Reading a computer clock is typically done by calling a system routine. The time needed for a process to read the computer clock is subject to process scheduling, paging and swapping, interruptions from other processes and hardware interrupts. Even if the computer clock were absolutely accurate and precise, you still wouldn't know when exactly was the clock read during the microsecond or two spent in the system routine. Faster processor minimizes this window of uncertainty.
Even though NTP server presents a very light load on the CPU, it is a good idea to avoid heavily loaded hosts with lots of paging/swapping and I/O activity to minimize this source of clock jitter. Even worse may happen on a truly busy host: clock interrupts might get lost or masked by higher priority interrupts, causing large disruptions in time. Although NTP software is able to compensate to some degree for the disruptions, you pay the price by getting less accurate time.
There is a simple program util/jitter.c in the NTP software distribution kit, which may help determine the clock resolution your hardware and operating system provides. Besides helping to determine the computer clock resolution, this program also helps to see periodic and random irregularities in the readings of the computer clock. A graphing program such as gnuplot, Grace or Dataplot comes handy to visualize the collected data.
As for the external frequency standards, there are two choices: other lower-stratum NTP servers accessible on the Internet (over LAN or WAN), and locally connected frequency references such as radio clocks, caesium or rubidium frequency standards, GPS receivers, etc. In both cases one should aim for the lowest possible jitter/noise: fast networks and low steady network delays on one hand, and low latencies and low random delays in local clock interfacing, along with a clock source with a low intrinsic jitter. We'll say more about this topic in the next section.
To summarize:
A clock of a typical computer is implemented by counting interrupts from a cheap uncompensated quartz oscillator (RTXO) -- see section Why accurate and precise computer time? for a brief discussion of its characteristics.
Assuming that replacing a quartz oscillator of a processor with a more stable one is not an option (but then again, maybe it is), there are two things one can do about it: choose a computer with more stable oscillator, and control or choose the environment in which the computer with NTP server will operate, minimizing the most pronounced cause of short-term frequency drift in RTXO: temperature changes.
To make it easier to compare oscillator behaviour of different oscillators running at different nominal frequencies (fnom, units: 1/s or Hz), we usually factor-out the nominal frequency at which the quartz oscillator of a given computer operates.
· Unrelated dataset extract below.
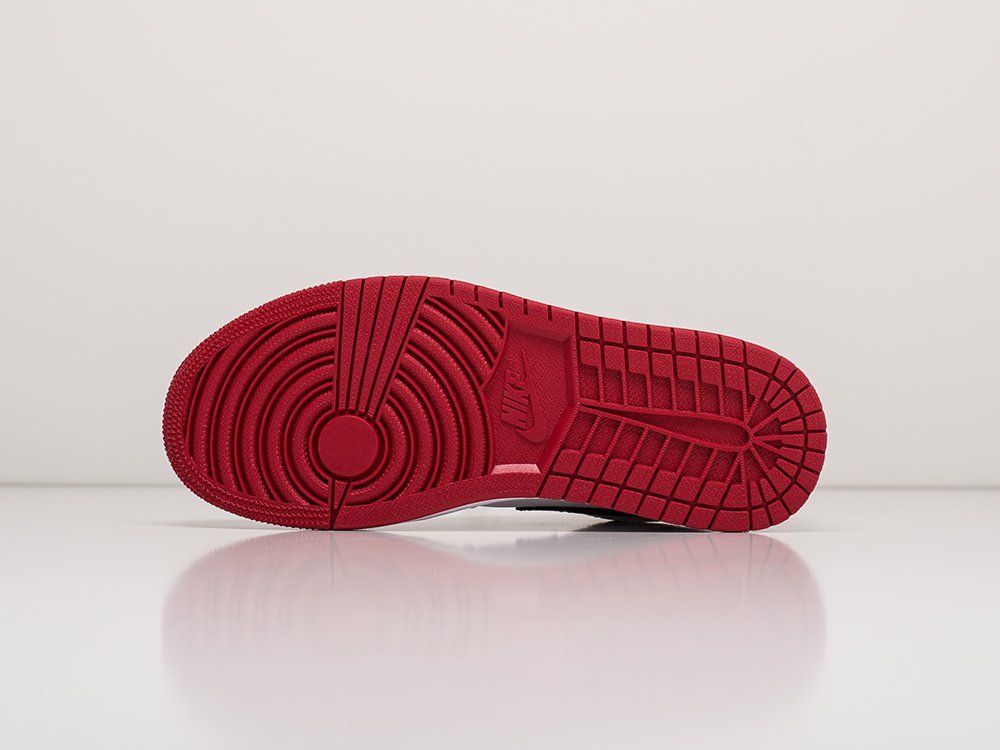 Кроссовки Nike Air Jordan 1 Low — изображение 5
By dividing the frequency offset = (factual - fnom) by a nominal oscillator frequency, we obtain a relative frequency = (factual - fnom) / fnom . It is a time-dependent, dimensionless quantity. For convenience, especially when dealing with quartz oscillators, we often show it multiplied by a million and append pps (parts per million), but it is still a dimensionless quantity.
Relative frequency is also known as fractional or normalized frequency departure, y(t), or normalized frequency difference. It is also a change in the error of a clock's time divided by the elapsed time, t, over which the change occurred. NTP documentation and utilities usually call it frequency drift. Strictly speaking the relative frequency is a frequency measurement at a particular instant, while frequency drift is its change over a period of time.
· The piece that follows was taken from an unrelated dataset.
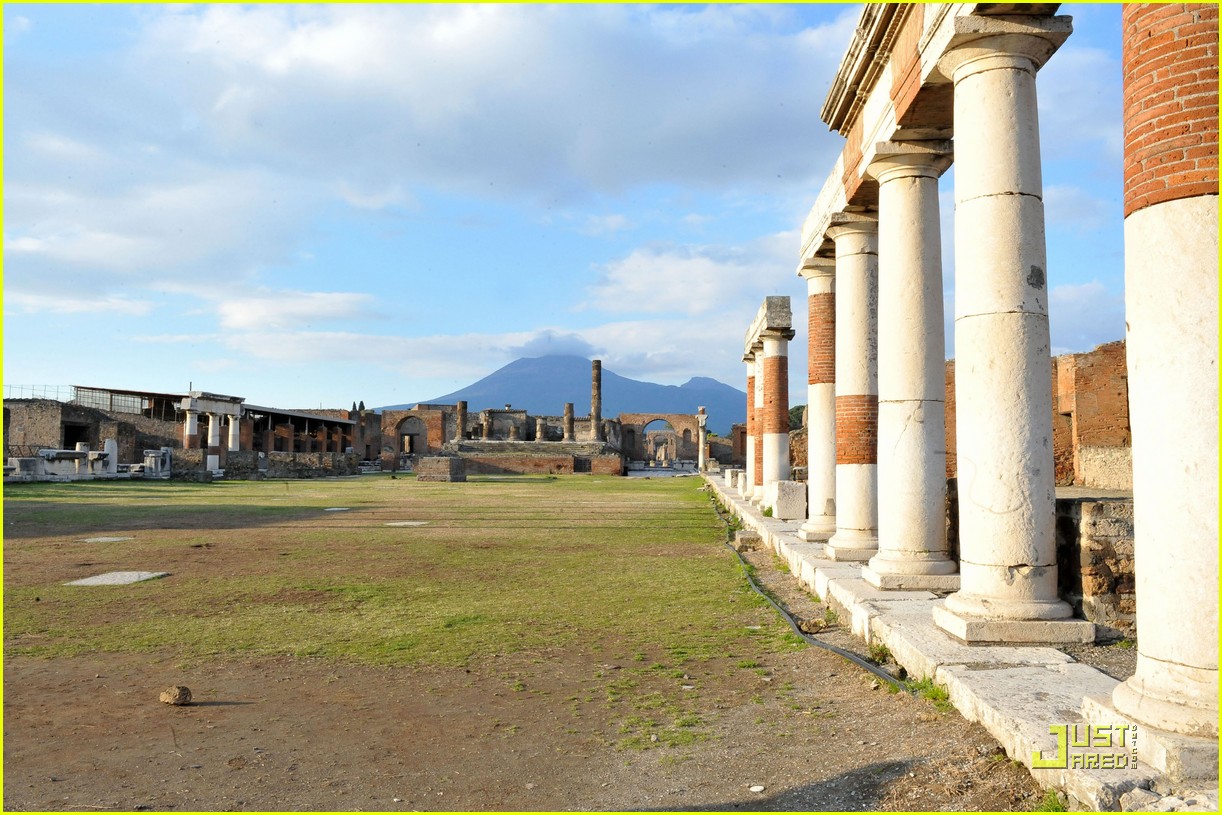 leonardo dicaprio bar refaeli play in pompei 132426046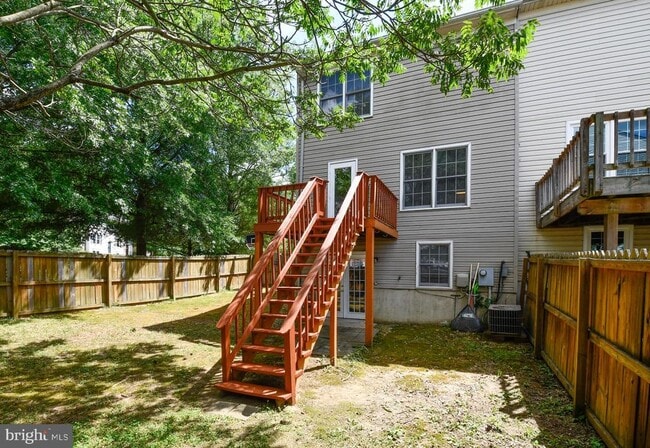 111 Ben Neuis Pl in Fredericksburg, VA - Foto de edificio - Building Photo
While the average frequency offset is a major cause of inaccurate time in computers that are not synchronized to external source of accurate time, possibly leading to time offset of a minute per week, this can easily be compensated for by a NTP server.
Relative frequency as large as 500 ppm can be compensated for by NTP V4, and up to 100 ppm by NTP V3 (e.g.: 100 ppm = 100e-6 = 1e-4 = 0.0001*3600*24*7 seconds / week = 60.48 s/week). If you are unlucky to have a computer with greater than 100 ppm of relative frequency (not so unusual for a low cost PC), make sure you choose NTP V4!
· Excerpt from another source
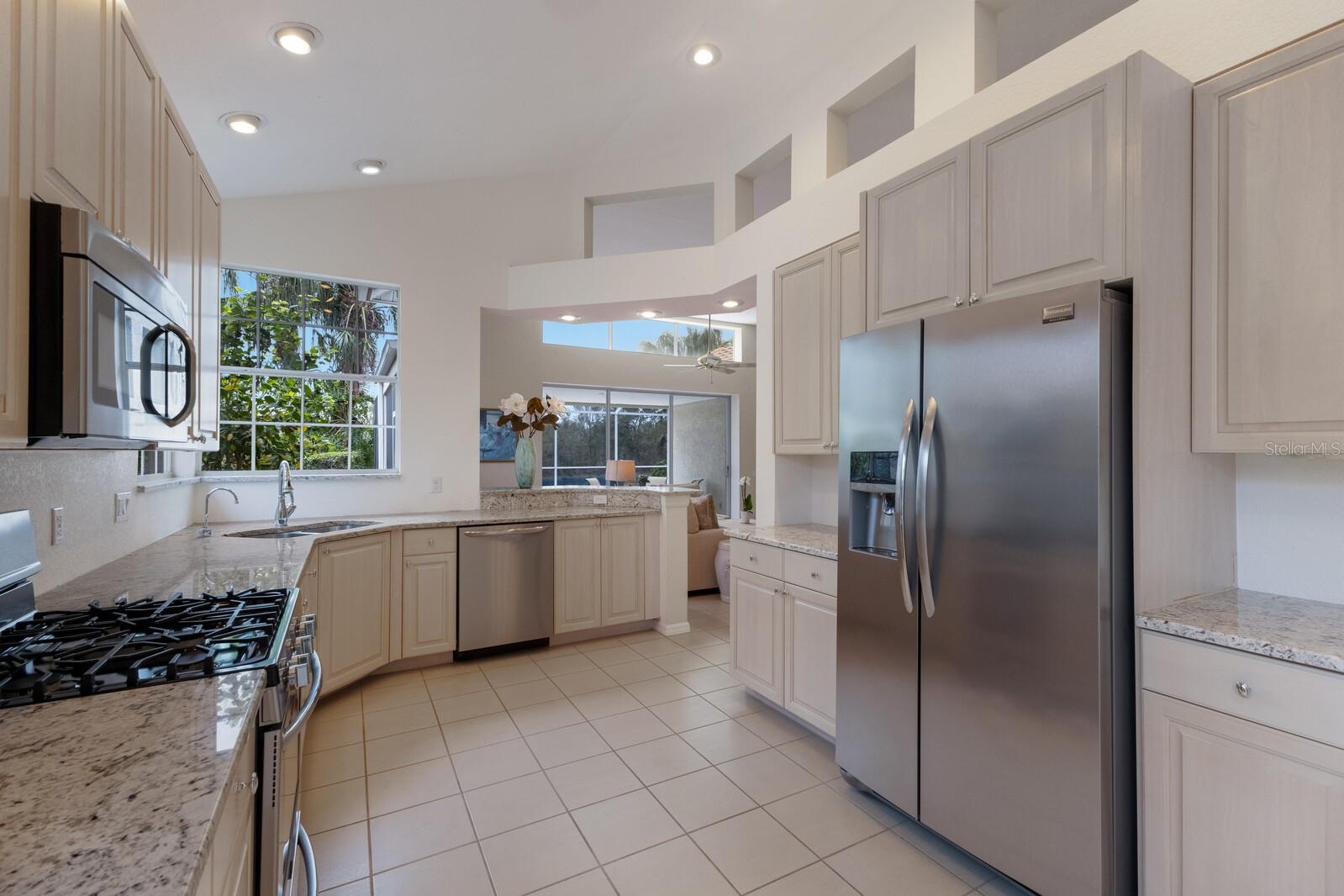 6726 VIRGINIA XING, UNIVERSITY PARK, FL, 34201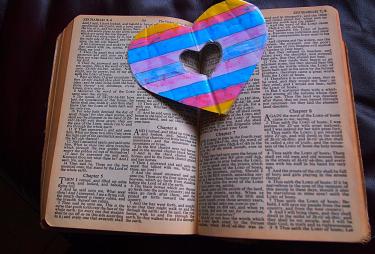 bible-1136781_1920-aspect-ratio-1920-1300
Although the just described large relative frequency is not a problem by itself, it may indicate generally poor quartz oscillator design or manufacturing, with possibly other problems such as frequency fluctuations due to poor power supply regulation. My (unproven) advice is to stay away from machines with high relative frequency when choosing platform for a NTP server -- they were obviously not designed for accurate timekeeping. Aim for a platform with a relative frequency below roughly 20 or perhaps 50 ppm.
It is quite easy to measure the relative frequency on the assumption that it is nearly constant during the measurement interval, which is close to truth when the absolute value of the relative frequency is large compared to its fluctuations (e.g. temperature fluctuations and ageing), where our concerns are at the moment.
One primitive way would be to set the time of a computer to known good time (e.g. with ntpdate -b some-reference-host), noting the wall-clock when this was done, then check it after a day or two with ntpdate -bq some-reference-host. The time offset reported, divided by the time interval between the two calls, gives the (average) relative frequency, which is the slope of (supposedly linearly) increasing time offsets. Just make sure no mechanism of controlling and adjusting the clock is active, such as calendar clock (hardware clock, real time clock, RTC, CMOS clock), a NTP server or some other time-keeping software.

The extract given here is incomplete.